Merger of threequals: A scattered trio of credit unions joins forces

Credit union mergers frequently look good on paper and make strategic sense, but oftentimes such deals fall apart because the two CEOs can't agree on which one will get to stay in charge. 

It's an even bigger pickle when it's a merger of three credit unions, each with its own CEO who wants to stay on board. But as the old Vulcan proverb goes, the needs of the many outweigh the needs (or in this case, the egos) of the few. 

"We put away our egos and focused on what we're good at," said Matt Selke, president and CEO of the $96 million-asset Pinnacle Credit Union in Atlanta, which is merging with the $80 million-asset RVA Financial Federal Credit Union in Richmond, Virginia, and the $52 million-asset MUNA Federal Credit Union in Meridian, Mississippi. 

Selke won't be its CEO. That honor would go to Bo Pittman, president and chief executive of MUNA. "This guy can lead," Selke said of Pittman, who would also be a regional president of the combined entity.

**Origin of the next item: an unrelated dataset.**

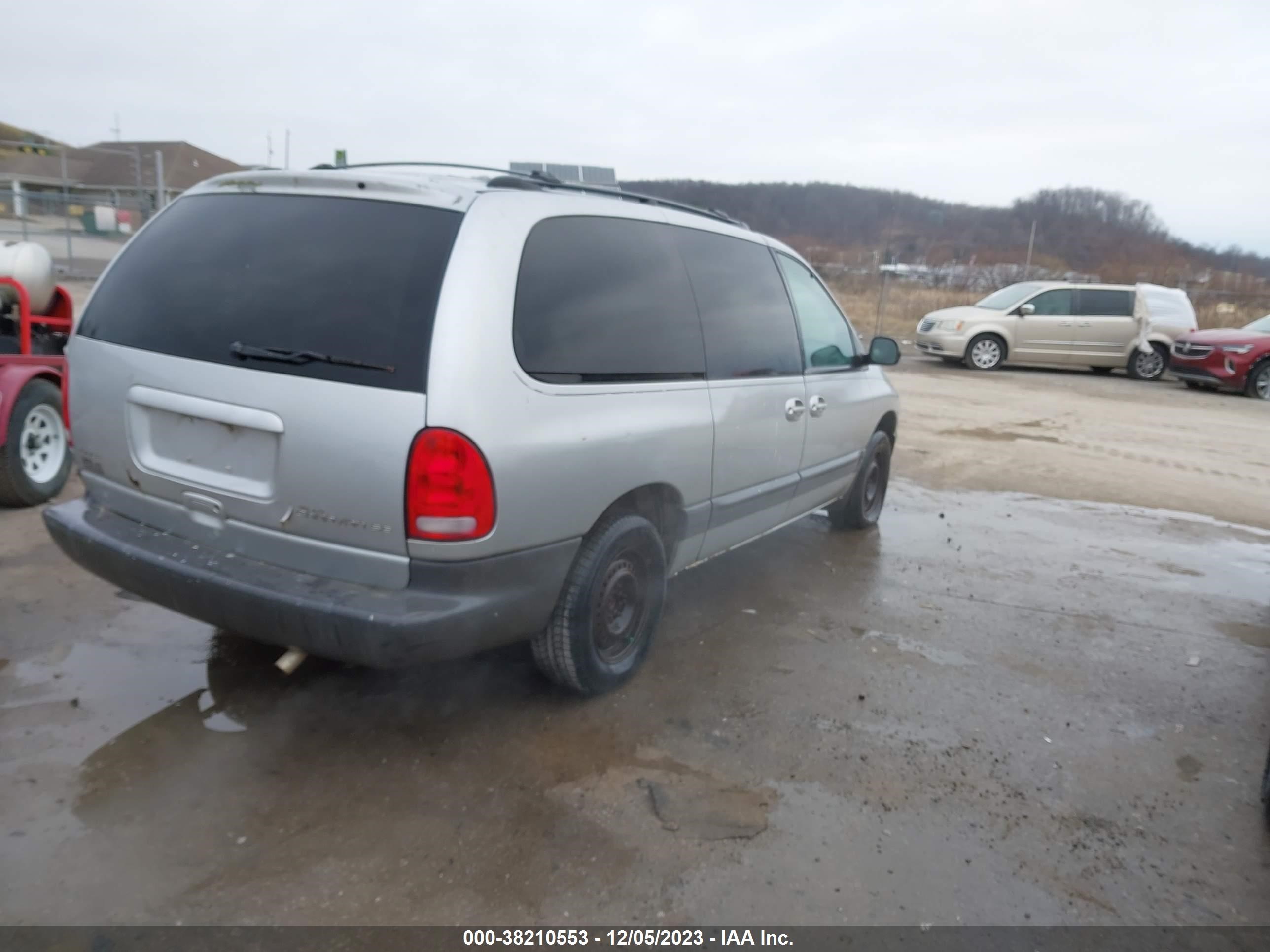 Photo 3 VIN: 1B4GP44R4YB768507 - DODGE CARAVAN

Selke will be the chief financial officer and a regional president. RVA Financial's CEO, Rick Preble, plans to be the chief operations officer and a regional president.

From left: Bo Pittman, CEO of MUNA Federal Credit Union; Matt Selke, CEO of Pinnacle Credit Union; and Rick Preble, CEO of RVA Financial Federal Credit Union. "Bo has as much leadership experience as Matt and I combined," Preble said of their choice to make Pittman the sole CEO when all three credit unions are merged.

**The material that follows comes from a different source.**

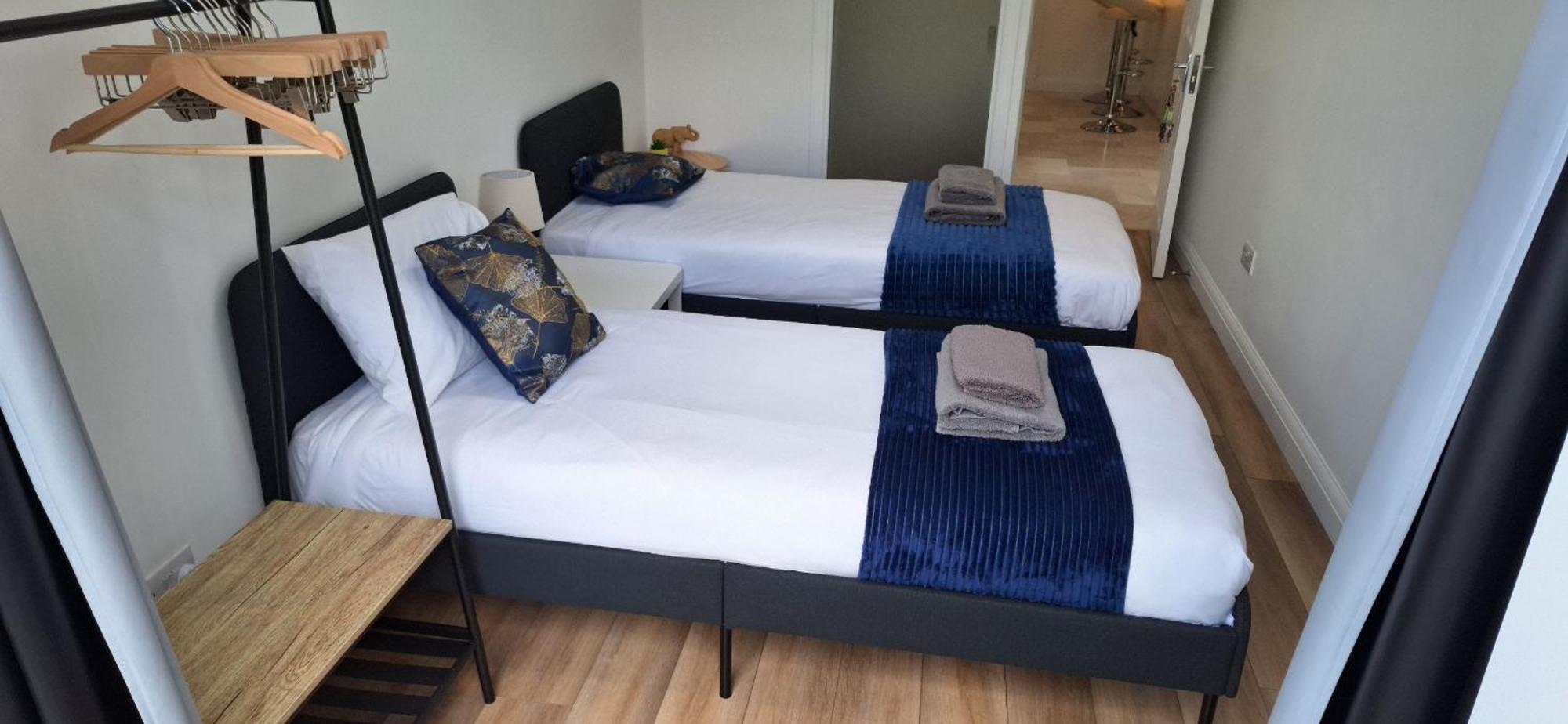 New 3 Bedrooms Flat In Ashford Near Heathrow Exterior foto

Pittman has more than 30 years of Air Force leadership in his background. Selke said he noticed Pittman right away when they began serving together on the board of directors of CU*South, a credit union service organization, about five years ago.

Preble had the same impression.

At a breakfast meeting early in the process, "I looked him right in the eye and said, 'I'm going to recommend you as CEO,' " Preble said. "Bo has as much leadership experience as Matt and I combined."

While only one gets to be CEO, the need for three regional presidents stems from the lack of overlap in the credit unions' branch maps. Each constituent plans to maintain its individual brand for a short time after the merger is complete. The combined organization, which would be based in Atlanta, will eventually take on a new name. 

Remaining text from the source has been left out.